Anthony B. Wight
Words and their meanings may present the greatest obstacle to mathematical problem solving for students. Reading for understanding and writing for explanation are at the foundation of successful learning in all disciplines. It is quite clear that as a high school teacher, I depend greatly on my colleagues teaching in younger grades to help students learn to read and write. Every year I rediscover how much I, too, need to coach and encourage basic communication skills in my students. If any data drives this point dramatically, it is the recent “Reading at Risk” survey which found that “fewer than half of all Americans over 18 read novels, short stories, plays or poetry . . . and the pace at which the nation is losing readers, especially young readers, is quickening.”1
In other words, I cannot just “teach math” with the assumption that all can speak, read and write with ease any more than I can assume that all my matriculating ninth graders can solve problems using fractions, decimals, percents, measurement and graphing. Our students vary greatly in all aspects of their development and understanding. Figuring out where each individual stands along numerous continua of conceptual and expressive development ought to be a shared task of teachers of all grades working together to develop and repeatedly teach useful “tools” for analyzing, thinking about and solving problems (and not only mathematical ones).
Word problems represent the “real world” of money, measurement, information, consequences and arguments. At all levels, mathematics curricula should include and embrace word problem solving. Such exercises not only review and reinforce computational skills, but also they challenge students to shift from verbal situations to patterns, tables, graphs, equations and back. Building problem sets, which explore key arithmetic concepts and relate symbols to the concrete realities of students’ lives, can moderate the abstract and remote nature of “algebra” for many students.
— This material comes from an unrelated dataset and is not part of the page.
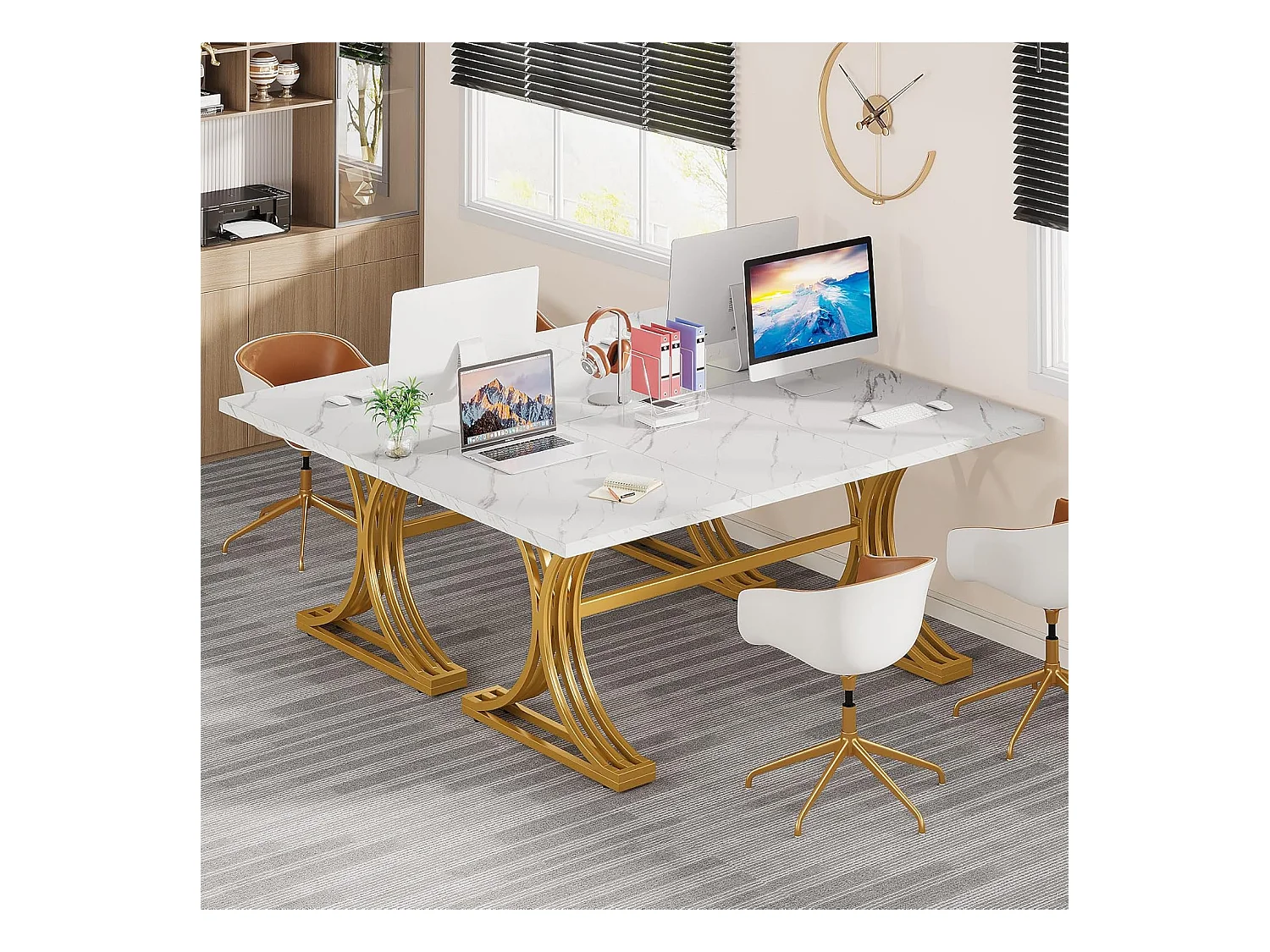 Bürotisch, 160 x 80 x 75 cm, moderner Bürotisch, PC-Arbeitstisch, Esstisch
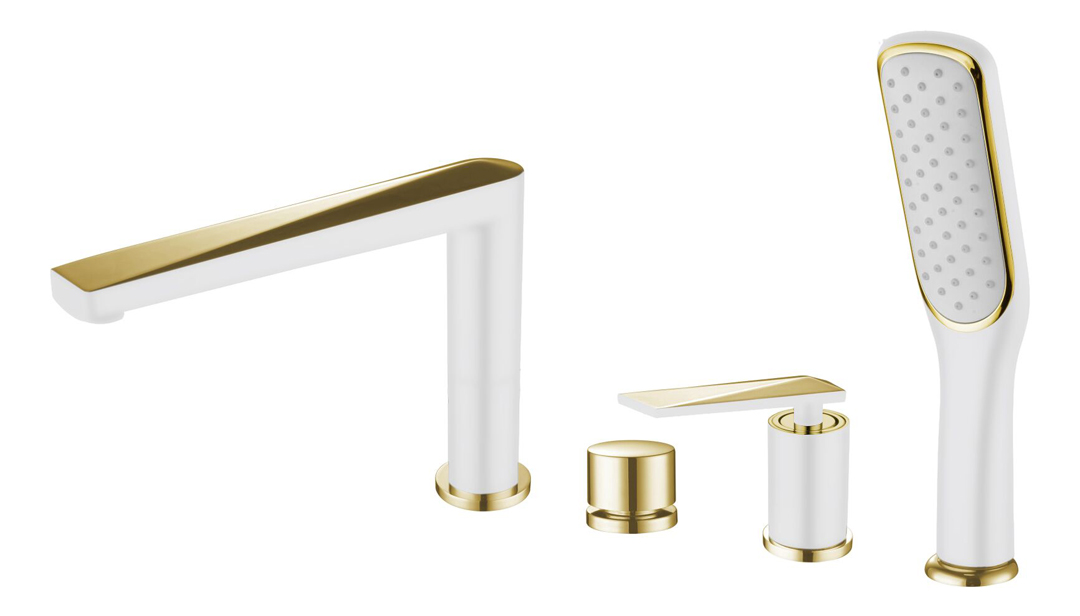 Смесители Смеситель врезной на борт ванны белый + золото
In this unit, I look at a few types of algebra problems and discuss ways of solving them that might work on a range of grade levels. First, I briefly discuss the Vertical Team2 concept and its value for mathematical problem solving. Second, I introduce the idea of “problem space”, a phrase frequently used by our seminar leader, Professor Howe. Third, I propose that along with our curricular sequencing we look for and practice deliberate techniques that work each year for progressively more complex and intricate problems. Students thus will be building their own “toolkits” for algebraic problem solving skills, which they can expect to master and apply as they advance through the grades. Finally, I present and discuss several model problem sets designed for classroom activities in developing algebraic problem solving.